> [What to produce]
Repeat all of the records word for word, but skip any picture.

──────── Material to process

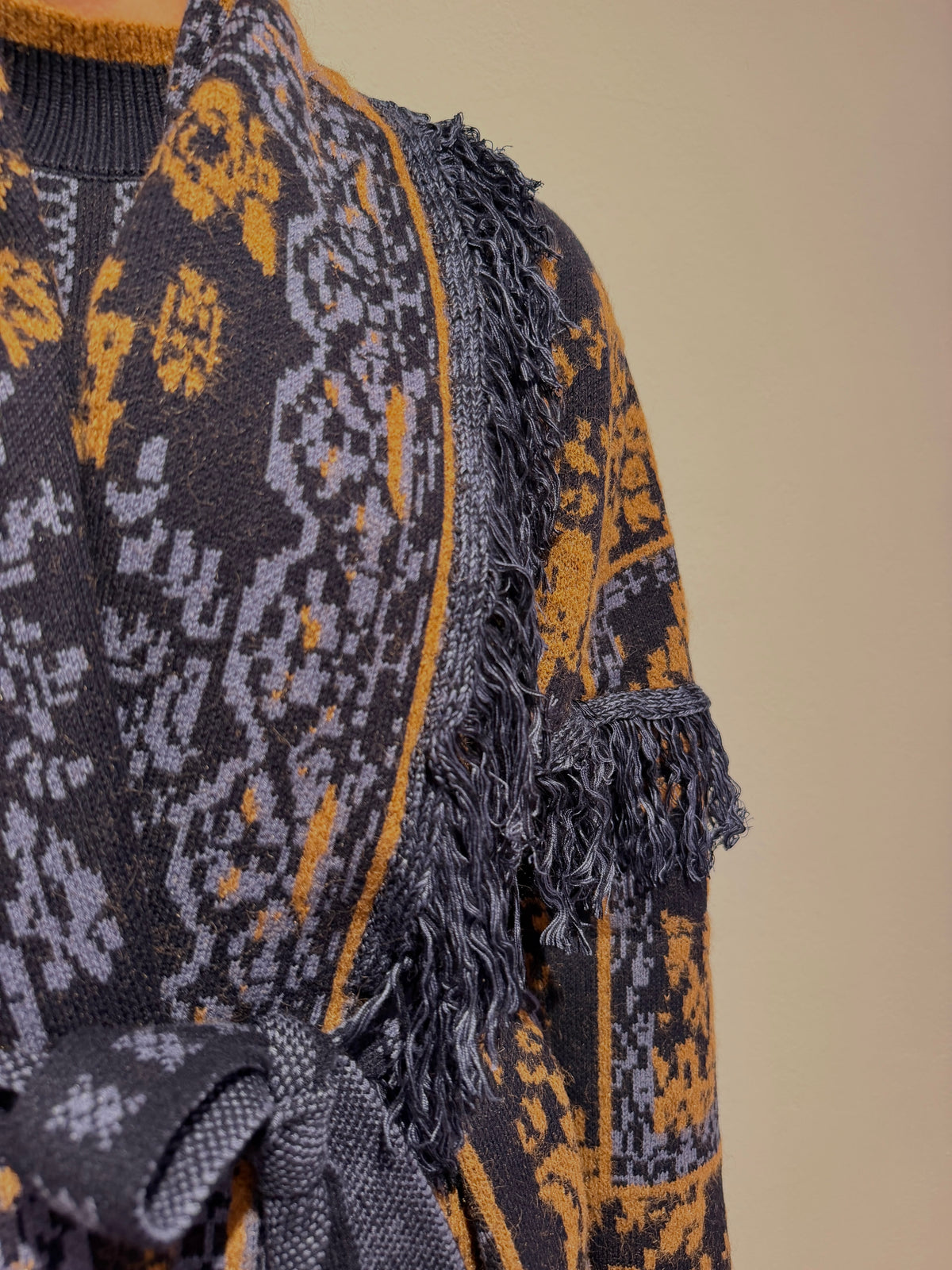 Cardigan Jacquard con Frange - Amosa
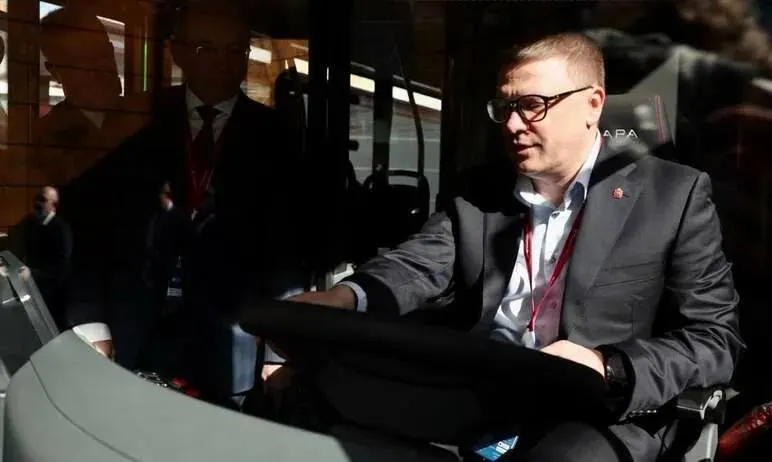 Из‑за длинных очередей на заправках региональные власти объявили ежедневные проверки запасов, мобилизацию транспорта, спецлимиты для экстренных служб и патрули на самых загруженных АЗС. Эксперты сомневаются, что это быстро решит дефицит.
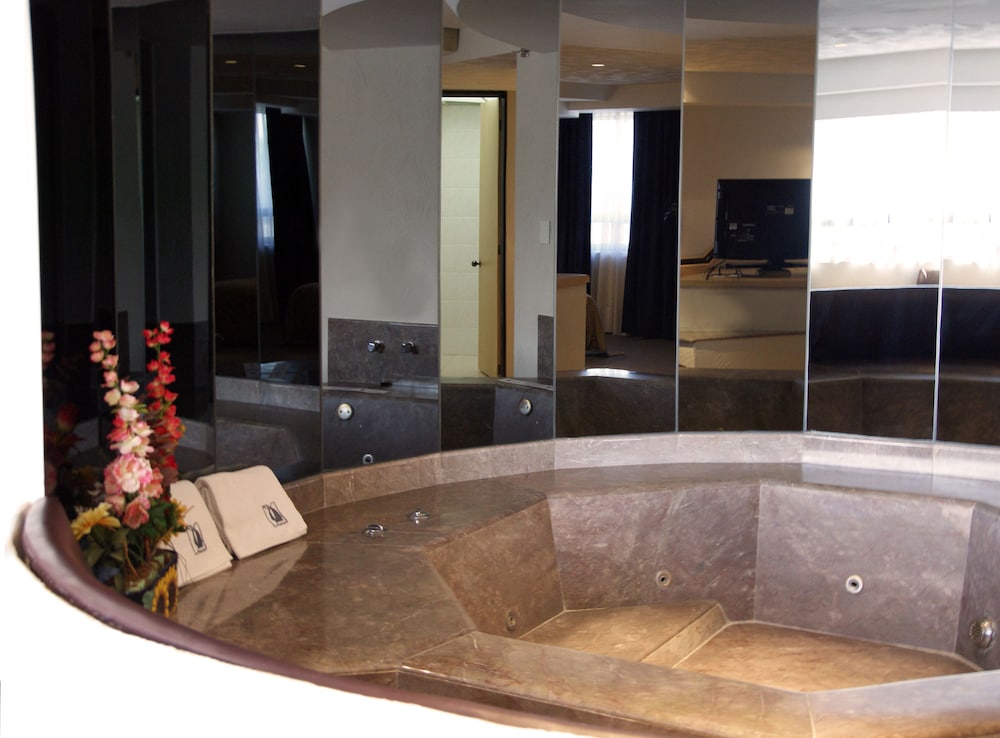 Portonovo Hotel & Suites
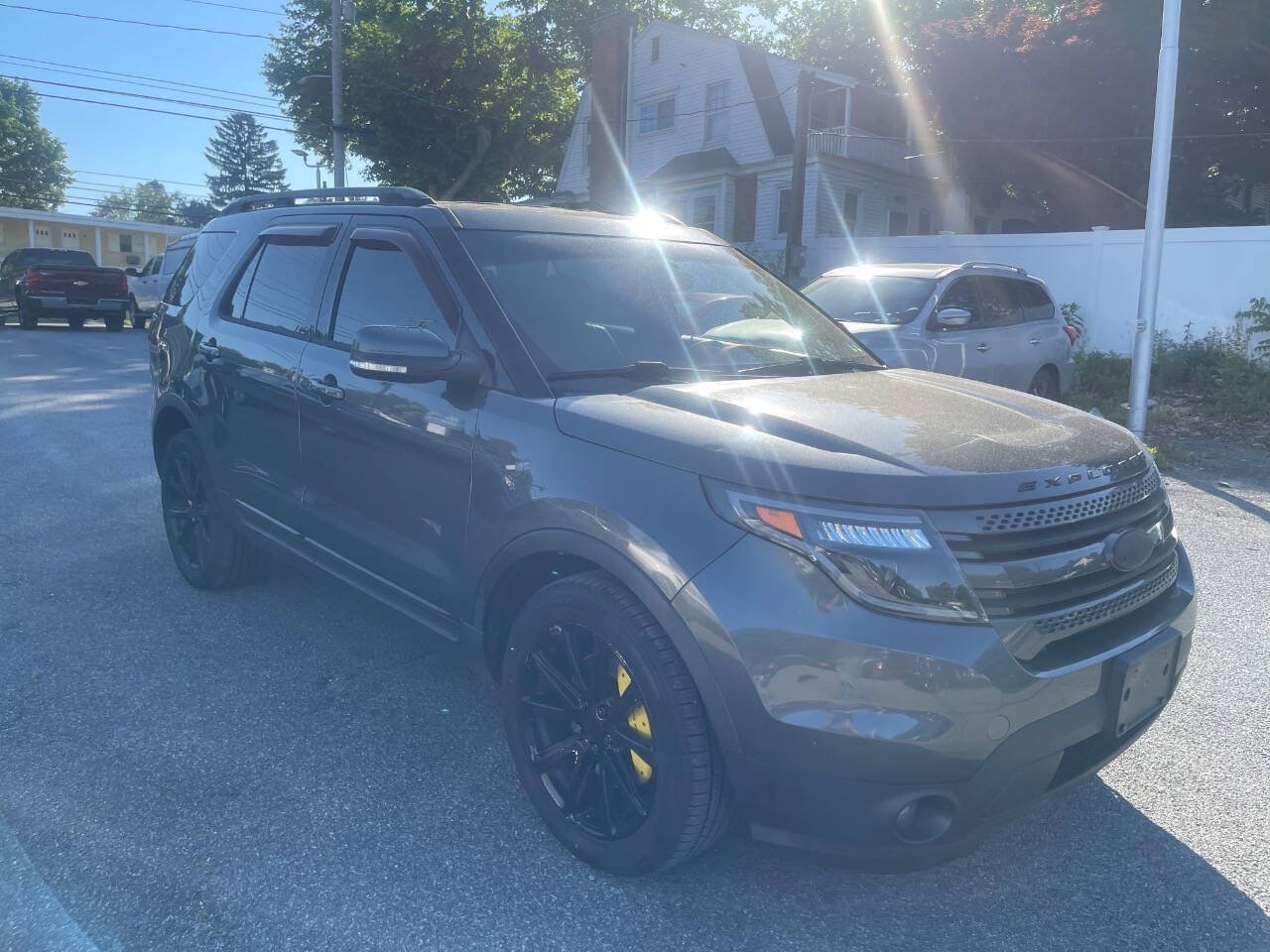 Used 2015 Ford Explorer XLT w/ Equipment Group 202B AWD/4WD image 4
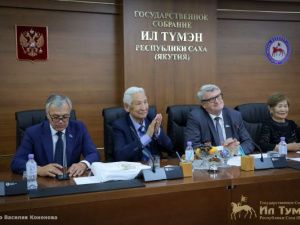 Ветераны госслужбы дали советы Ил Тумэну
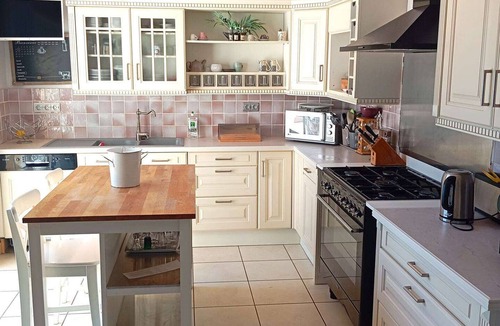 Saint Alban Auriolles House | T6 Villa in Ardèche with Pool and Pets Allowed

────────────────

> [Task solution]
 Cardigan Jacquard con Frange - Amosa
 Из‑за длинных очередей на заправках региональные власти объявили ежедневные проверки запасов, мобилизацию транспорта, спецлимиты для экстренных служб и патрули на самых загруженных АЗС. Эксперты сомневаются, что это быстро решит дефицит.
 Portonovo Hotel & Suites
 Used 2015 Ford Explorer XLT w/ Equipment Group 202B AWD/4WD image 4
 Ветераны госслужбы дали советы Ил Тумэну
 Saint Alban Auriolles House | T6 Villa in Ardèche with Pool and Pets Allowed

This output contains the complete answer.